Il gioco diretto dai bambini unisce i bambini autistici in gruppo

Trovare un ambiente che consenta ai bambini autistici di socializzare con coetanei in via di sviluppo più normale è spesso un Catch-22 per i genitori.

Perché mentre i giovani autistici hanno bisogno di una pratica significativa per sviluppare abilità sociali, i deficit in questo set di abilità spesso rendono difficile il gioco e l'associazione con bambini di età simile.

La ricerca della dott.ssa Pamela Wolfberg, professoressa di educazione speciale e disturbi comunicativi alla San Francisco State University, fornisce una soluzione sviluppando un diverso tipo di gruppo di gioco che si concentra su attività collaborative piuttosto che dirette agli adulti.

Un nuovo rapporto mostra che tali "gruppi di gioco integrati", o IPG, sviluppati da Wolfberg nel corso di diversi anni, sono efficaci nell'insegnare ai bambini con autismo le abilità di cui hanno bisogno per interagire con i loro coetanei e impegnarsi in giochi simbolici come fingere.
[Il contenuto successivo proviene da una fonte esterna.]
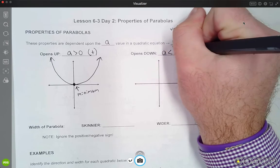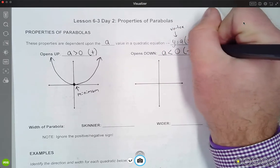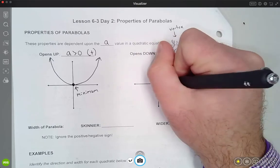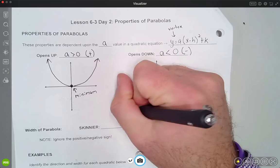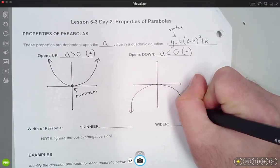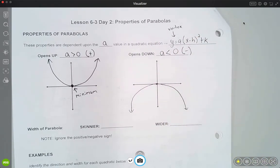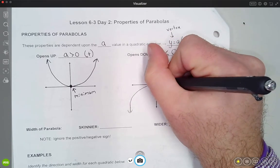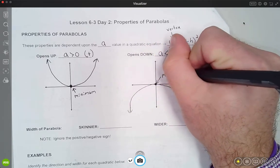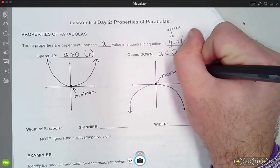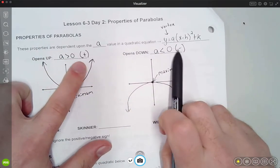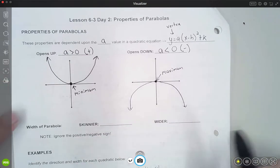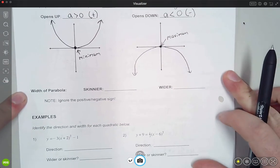The same idea applies for going down — when 'a' is less than 0 we have negative values, so the graph opens downward. Now the vertex in the middle is a maximum, because the graph is going down on both sides and the vertex is the largest value on the graph. So: positive 'a' opens up and gives a minimum; negative 'a' opens down and gives a maximum. The width of the parabola is the other thing that 'a' affects.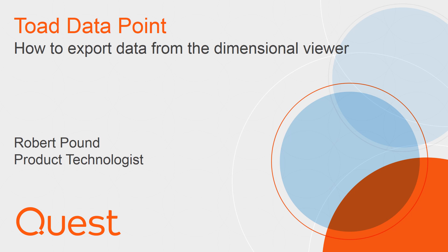This video shows how data from the Dimensional Viewer in Toad Datapoint can be exported or published for further exploration. It is assumed for this video that you are familiar with the Dimensional Viewer and have an active connection to Toad Intelligence Central Server.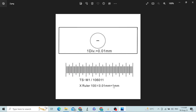When we multiply 0.01 millimeter with 100 divisions, we get one millimeter length, which shows that the total length of the stage micrometer is one millimeter. However, the distance between two consecutive large divisions is 100 micrometers.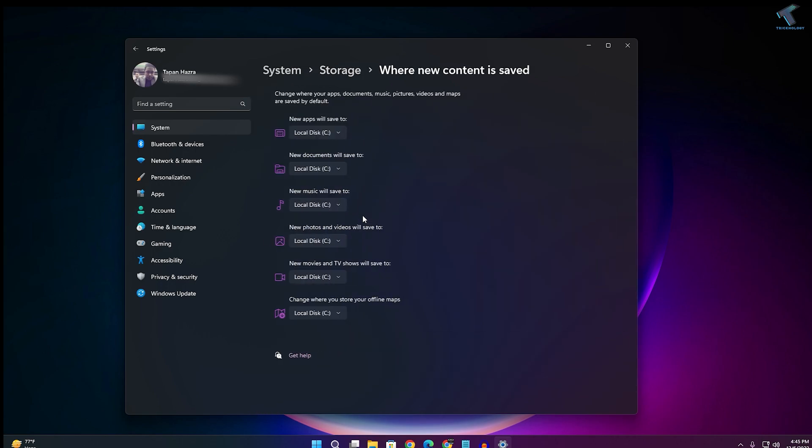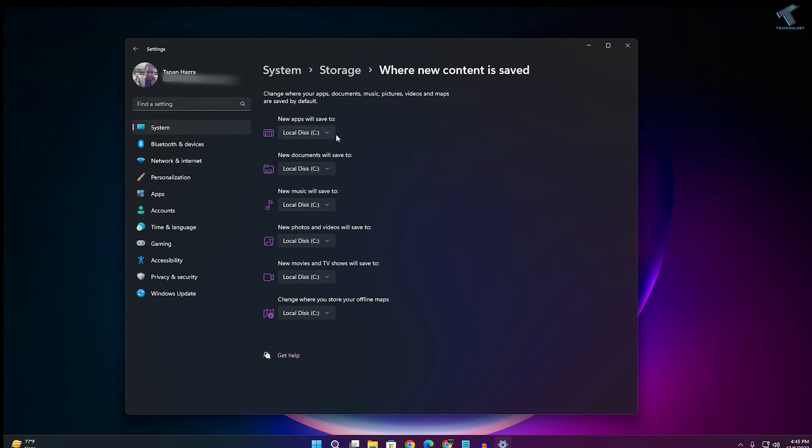Here you can change all your default locations for apps, documents, music, and pictures. As you can see, I can change from C drive to any of your other drives. You can change the locations for apps, documents, music, and photos from here.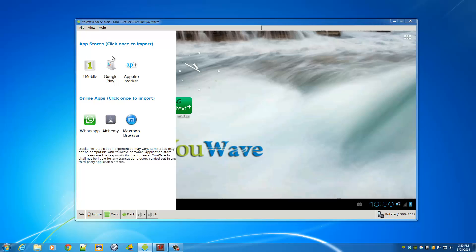and then as you can see on the left hand side, you can see the Google Play. And double click on that or just one click to install it.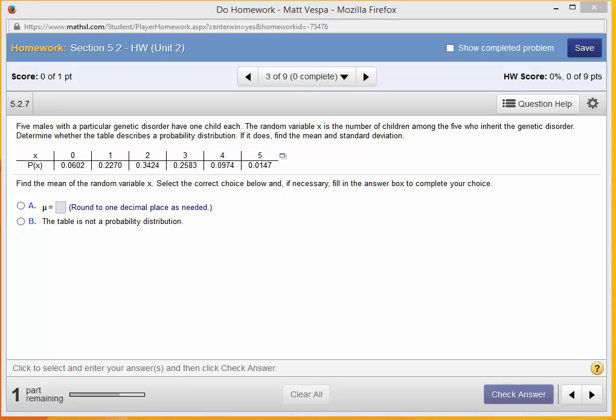Hey everyone, Vespa here. This video will help you get started dealing with some of the calculations for discrete probability distributions in Microsoft Excel.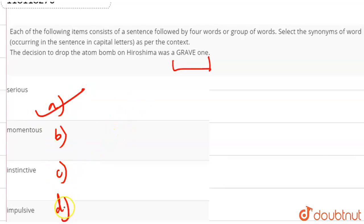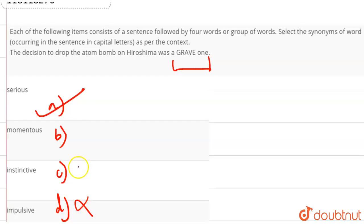Here we have the rest of the words. Impulsive means that what you have understood without thinking. Instinctive means that you have instinct to do something inside. Momentous means important.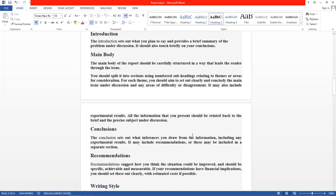Introduction sets out what you planned to say and provides a brief summary of the problem under discussion۔ Introduction میں بتایا جاتا ہے کہ جو problem آپ discuss کرنے لگے ہیں اس کا خلاصہ کیا ہے۔ It should also touch briefly on your conclusion — introduction میں conclusion کا ایک touch ہونا چاہیے کہ آپ اس مسئلے کے بارے میں کیا موقف رکھتے ہیں، کیا solution پیش کریں گے۔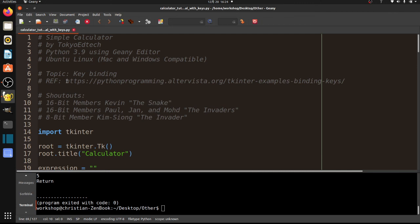So voila. Again, as I do with most of my tutorials or most of what I do, there's a lot of Googling, especially Stack Overflow is my go-to. This one happened to be pythonprogramming.ultravista.org. So check out that website for more. So thanks for watching. Keep on coding.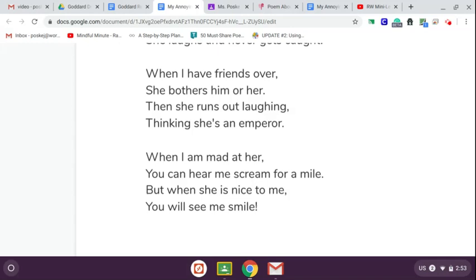When I am mad at her, you can hear me scream for a mile. But when she is nice to me, you will see me smile.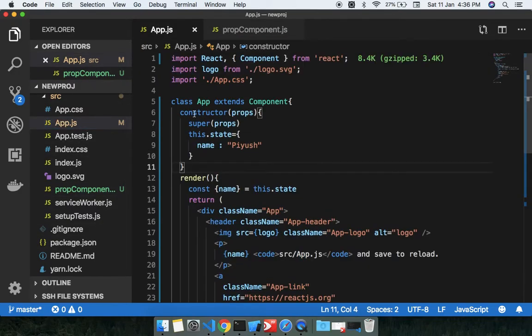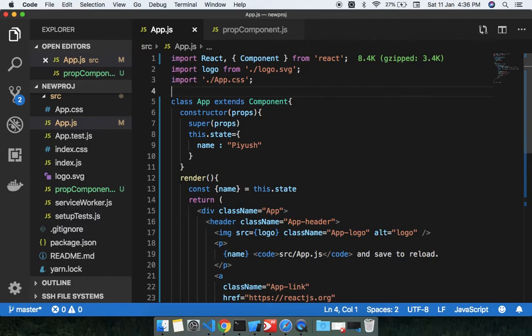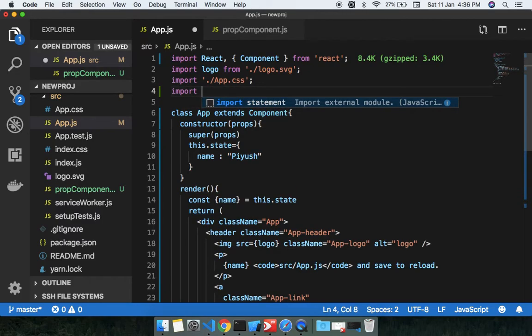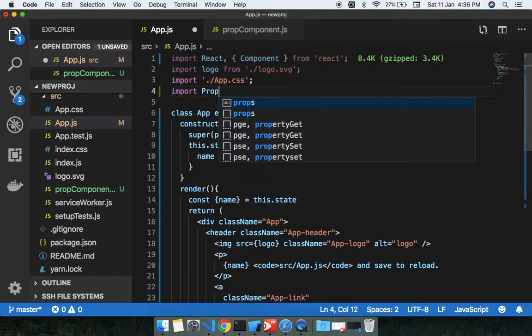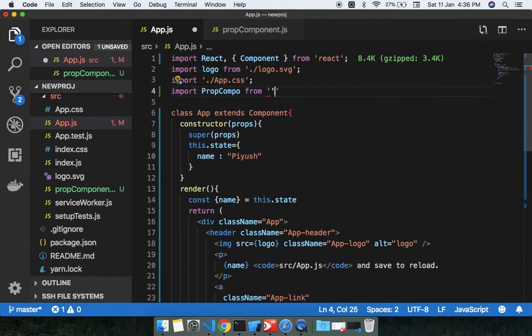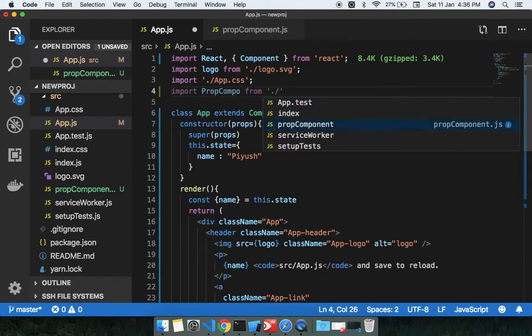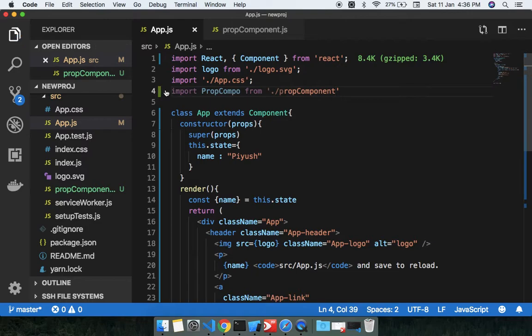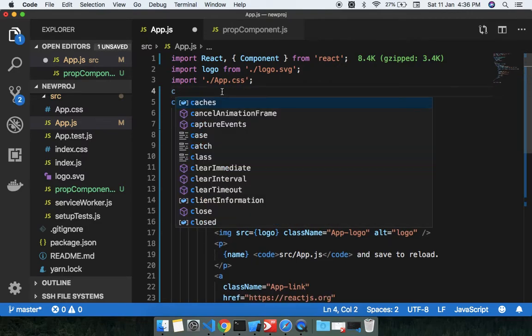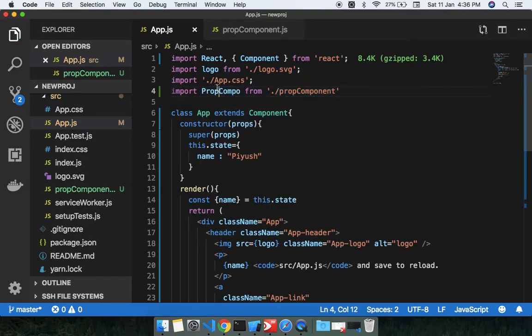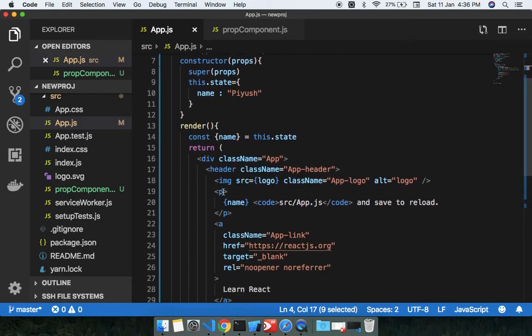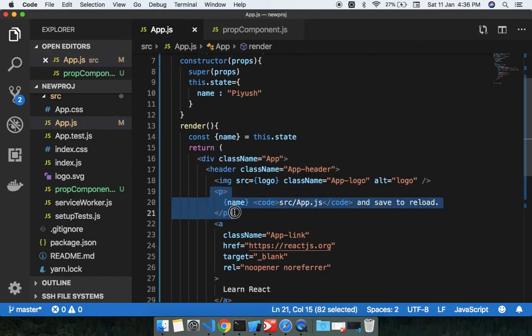Okay, so now in this App.js I'm going to import my PropComponent file here. PropComponent from where you need to get the location from here, PropComponent. Right, now I'm going to use finally PropComponent. I just want to use it at this place, at this place I want to use.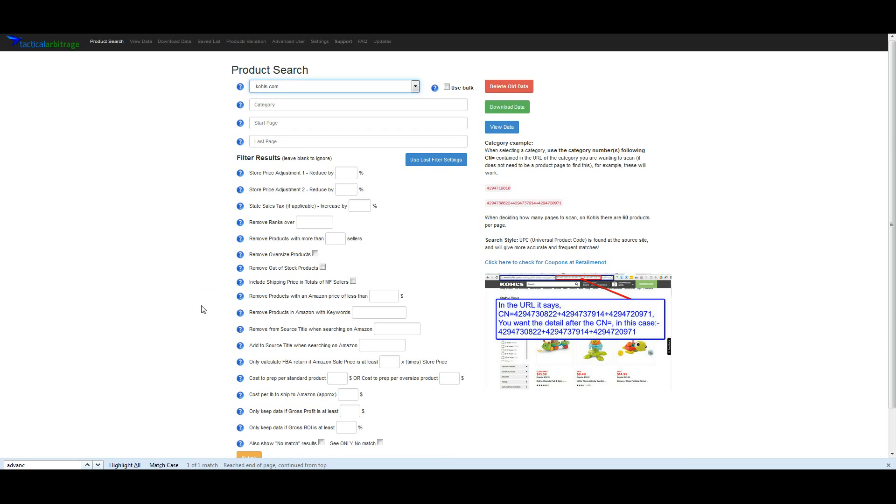Hey guys, Sean Mayo here, and I'm going to show you how we do product research at Kohl's using tactical arbitrage.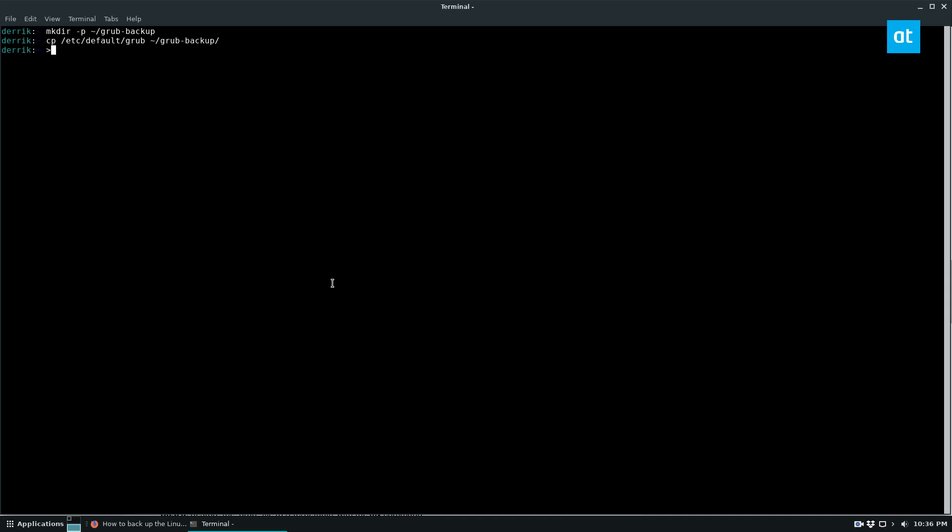But use the sudo cp command here. And this will copy all of our custom entries. So if you have like a detected operating system, or just anything you've added to the Grub bootloader manually, anything that you want to keep safe in that area.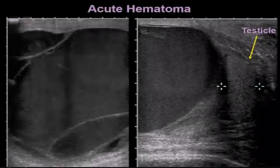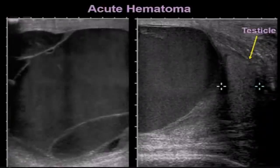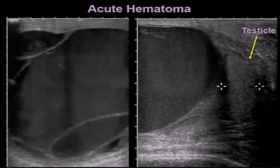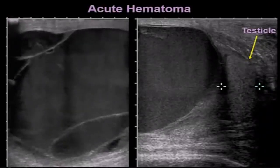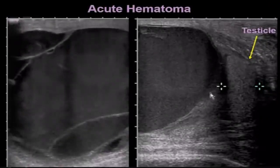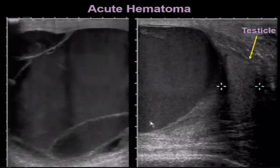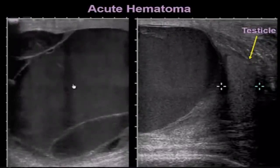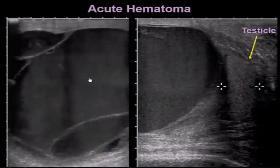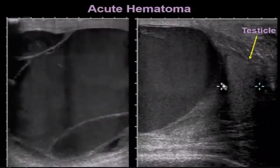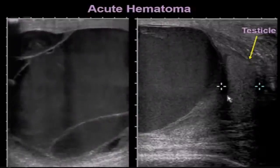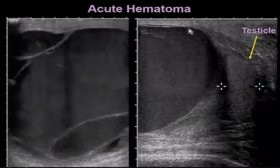Here's a patient who had an acute hematoma. The scrotum was markedly enlarged after trauma, and we saw this large collection in the upper portion of the scrotum — a fluid collection that moves with the ultrasound beam. The testicle was compressed inferiorly by this very large hematoma.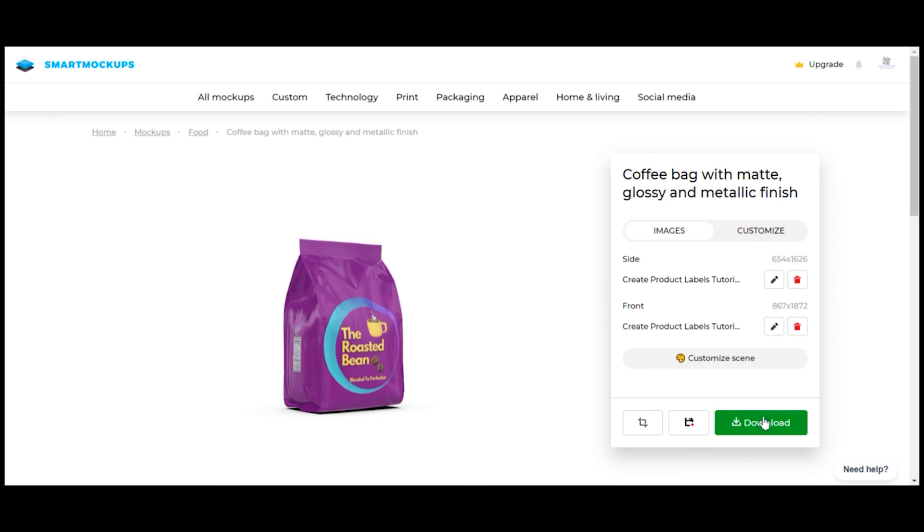Once completed, download your self-designed packaging which can now be presented to a client or prospect.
Negli IPG, gli adulti aiutano i bambini con autismo ei loro coetanei in via di sviluppo tipicamente impegnati in attività ludiche di reciproco interesse, ma non dirigono il gioco da soli.

Questo li distingue dagli interventi più tradizionali, secondo Wolfberg, professore di educazione speciale e disturbi comunicativi.

"I bambini imparano molto meglio a giocare attraverso le interazioni con i coetanei di quanto non facciano dagli adulti, perché gli adulti non sono più come i bambini", ha detto.

“Possiamo sicuramente avere interazioni meravigliose con i bambini attraverso il gioco, e dovremmo. Ma questo è qualitativamente diverso. "

Wolfberg e i suoi colleghi hanno studiato 48 bambini con autismo durante attività di gioco libero, in cui non conoscevano gli altri bambini, due volte prima e una volta dopo che quegli stessi bambini hanno partecipato a un programma di gruppi di gioco integrati con coetanei familiari.

Hanno scoperto che, in seguito all'intervento dell'IPG, la capacità dei bambini di interagire con bambini che non conoscevano e di impegnarsi in giochi di finzione era aumentata notevolmente, indicando che gli IPG avevano avuto successo nel fornire loro abilità di gioco sociali e simboliche trasferibili.

I bambini con autismo, secondo Wolfberg, tendono ad avere un "repertorio di giochi molto restrittivo", in cui possono avere interessi insoliti e ripetere la stessa attività, il più delle volte da soli.

L'obiettivo dei gruppi di gioco integrati è spostare i bambini dall'impegnarsi in livelli di gioco inferiori, come semplicemente sbattere qualcosa, a impegnarsi in un gioco più simbolico che coinvolge l'interazione reciproca con i coetanei.

"Il tema del soccorso in caso di terremoto è il più popolare a San Francisco, e avevamo un bambino proprio come quello, che aveva un'affinità con le cose", ha detto.

“Così i ragazzi hanno avuto l'idea di costruire blocchi di cartone e di avere un terremoto, e lui era l'operaio edile. È stato in grado di partecipare all'interesse degli altri bambini, costruire qualcosa di più elaborato e avere un'intera fantasia al riguardo. "

Il successo degli IPG è un'opportunità per genitori, educatori e terapisti che cercano di aiutare i bambini con autismo a socializzare con i loro coetanei.

Inoltre, il modello IPG insegna anche ai bambini in fase di sviluppo tipico sull'autismo e consente loro di imparare come stringere amicizie con bambini che potrebbero giocare, comunicare o relazionarsi in modo diverso.

"Questo è ciò che le famiglie vogliono per i loro figli", ha aggiunto Wolfberg. “Questo ribalta l'idea che i bambini con autismo siano incapaci di socializzare o incapaci di fingere.

"Hanno la stessa spinta innata a partecipare con i coetanei e ad impegnarsi in esperienze ludiche, ma quello che è successo è che non siamo stati in grado di sfruttare il loro potenziale".

La ricerca futura comporterà la collaborazione con l'assistente professor Betty Yu, Ph.D., e studenti laureati per esaminare più da vicino come i gruppi di gioco integrati possono aiutare i bambini con autismo a comunicare meglio con i loro coetanei in via di sviluppo, un'altra sfida che devono affrontare.